T-Person-GAN: Text-to-Person Image Generation with Identity-Consistency and Manifold Mix-Up

In this paper, we present an end-to-end approach to generate high-resolution person images conditioned on texts only. State-of-the-art text-to-image generation models are mainly designed for center-object generation, e.g., flowers and birds. Unlike center-placed objects with similar shapes and orientation, person image generation is a more challenging task, for which we observe the followings: 1) the generated images for the same person exhibit visual details with identity-consistency, e.g., identity-related textures/clothes/shoes across the images, and 2) those images should be discriminant for being robust against the inter-person variations caused by visual ambiguities. To address the above challenges, we develop an effective generative model to produce person images with two novel mechanisms. In particular, our first mechanism (called T-Person-GAN-ID) is to integrate the one-stream generator with an identity-preserving network such that the representations of generated data are regularized in their feature space to ensure the identity-consistency. The second mechanism (called T-Person-GAN-ID-MM) is based on the manifold mix-up to produce mixed images via the linear interpolation across generated images from different manifold identities, and we further enforce such interpolated images to be linearly classified in the feature space. This amounts to learning a linear classification boundary that can perfectly separate images from two identities. Our proposed method is empirically validated to achieve a remarkable improvement in text-to-person image generation. Our architecture is orthogonal to StackGAN++ , and focuses on person image generation, with all of them together to enrich the spectrum of GANs for the image generation task. Codes are available on \url{https://github.com/linwu-github/Person-Image-Generation.git}.

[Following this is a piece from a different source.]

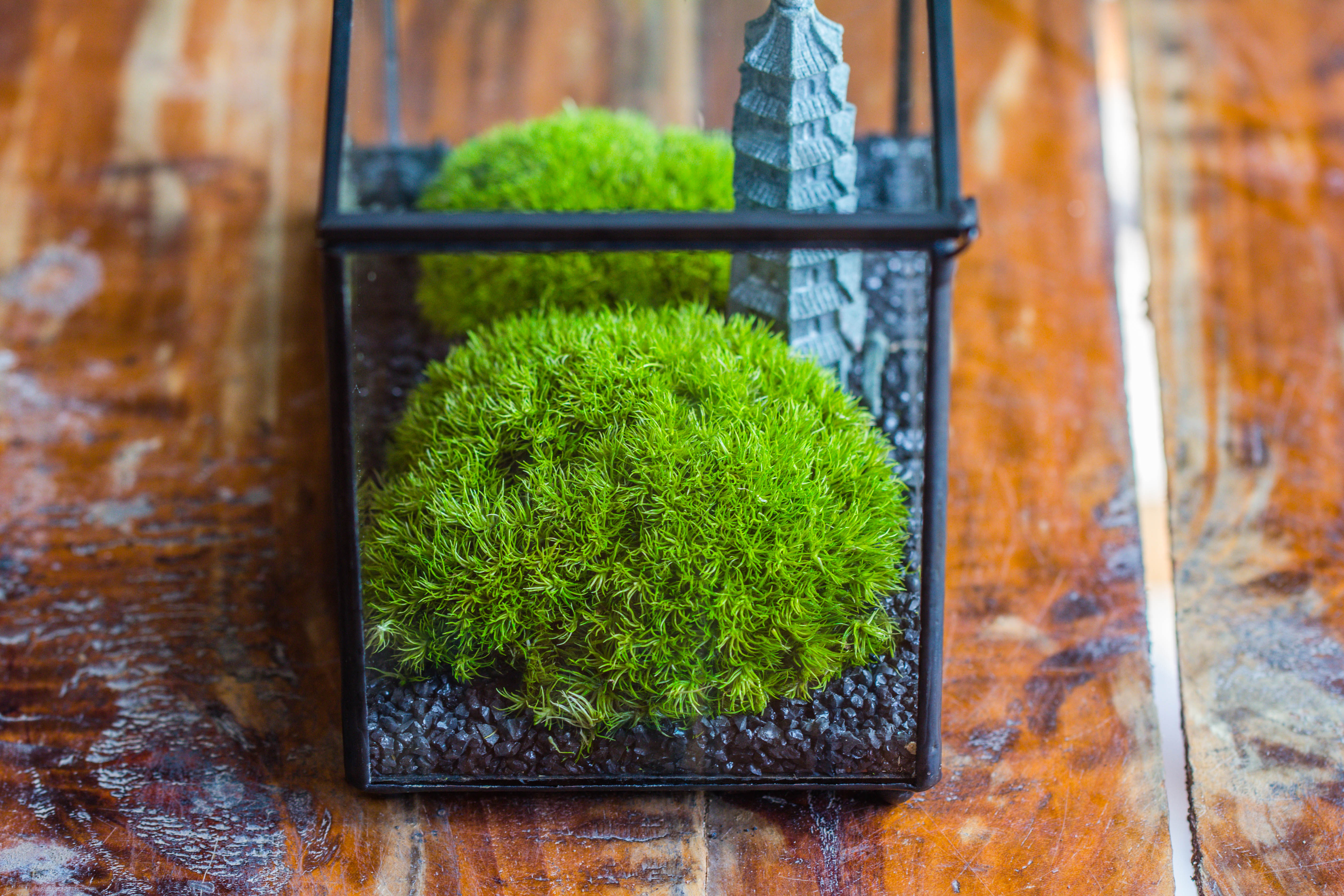 Preserved moss terrarium Miniature DIY set, Japanese Zen Style, Preserved Leucobryum moss and pagoda, 17*10*12cm / 6.7 x 3.9 x 4.7" - NCYPgarden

翻译：本文提出了一种端到端方法，仅基于文本条件生成高分辨率人物图像。现有最先进的文本到图像生成模型主要针对中心物体（如花卉和鸟类）的生成设计。与具有相似形状和朝向的中心放置物体不同，人物图像生成是一项更具挑战性的任务。我们观察到以下特点：1）同一人物的生成图像需呈现身份一致性的视觉细节，例如图像中与身份相关的纹理、衣物和鞋子；2）这些图像应具备判别性，以应对由视觉模糊性引起的个体间差异。为应对上述挑战，我们开发了一种有效的生成模型，并引入两种新机制。第一种机制（称为T-Person-GAN-ID）通过将单流生成器与身份保持网络集成，在特征空间中对生成数据的表示进行正则化，确保身份一致性。第二种机制（称为T-Person-GAN-ID-MM）基于流形混合，通过对来自不同流形身份的生成图像进行线性插值生成混合图像，并进一步强制这些插值图像在特征空间中被线性分类。这等价于学习一条能完美分离两个身份图像的线性分类边界。实验验证表明，所提方法在文本到人物图像生成任务中取得了显著改进。我们的架构与StackGAN++正交，专注于人物图像生成，与现有方法共同丰富了图像生成任务中生成对抗网络（GAN）的谱系。代码已发布于\url{https://github.com/linwu-github/Person-Image-Generation.git}。